### Exercise details
All the lines below need to be output exactly, apart from any images.
*** Opening of Recorded information ***
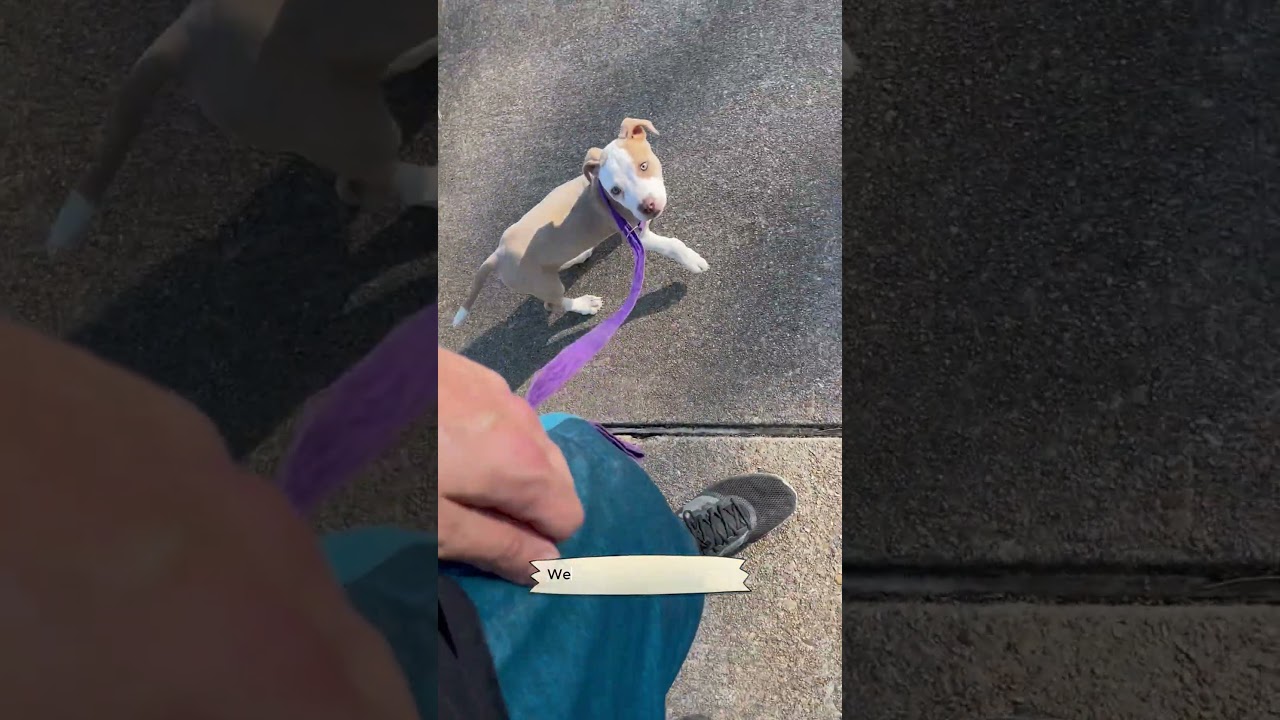 Heel | Dog Obedience Training Houston, TX 77066 #dog #dogtraining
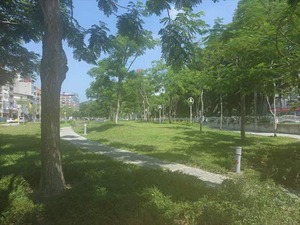 DSC00988_R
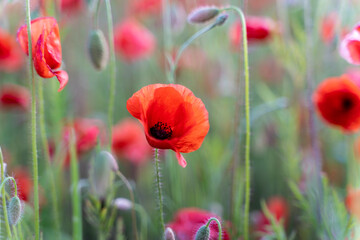 red poppy flowers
*** Close of Recorded information ***
### Task response
 Heel | Dog Obedience Training Houston, TX 77066 #dog #dogtraining
 DSC00988_R
 red poppy flowers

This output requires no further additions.